Schließlich wird es auch noch einer - vom Standpunkt des LSG. aus bisher entbehrlichen - Prüfung der Frage bedürfen, ob etwa einer der Tatbestände gegeben ist, deren Vorliegen nach § 5 Satz 1 FremdRG zum Ausschluß des Entschädigungsanspruches führt.
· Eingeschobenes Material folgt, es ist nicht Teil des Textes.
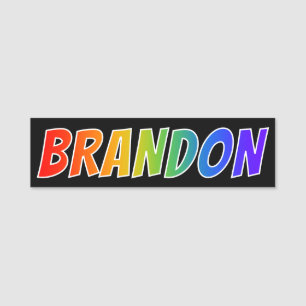 Porte-nom Prénom "BRANDON" : Coloration d'arc-en-ciel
Dies erfordert eine weitere Erforschung des Sachverhalts im Hinblick auf den Zweck der zum Unfall führenden Dienstfahrt. wegen der Auslegung des Begriffes "Zusammenhang mit politischen Veranstaltungen oder sonstigen politischen Tätigkeiten" wird auf das Urteil des erkennenden Senats vom 30. Juli 1959 (BSG. 10 S. 222) verwiesen.
Da dem Senat eine Entscheidung in der Sache selbst nicht möglich war, mußte die Sache unter Aufhebung des angefochtenen Urteils zur erneuten Verhandlung und Entscheidung an das LSG. zurückverwiesen werden (§ 170 Abs. 2 Satz 2 SGG).
Die Entscheidung über die Kosten bleibt dem abschließenden Urteil des LSG. vorbehalten.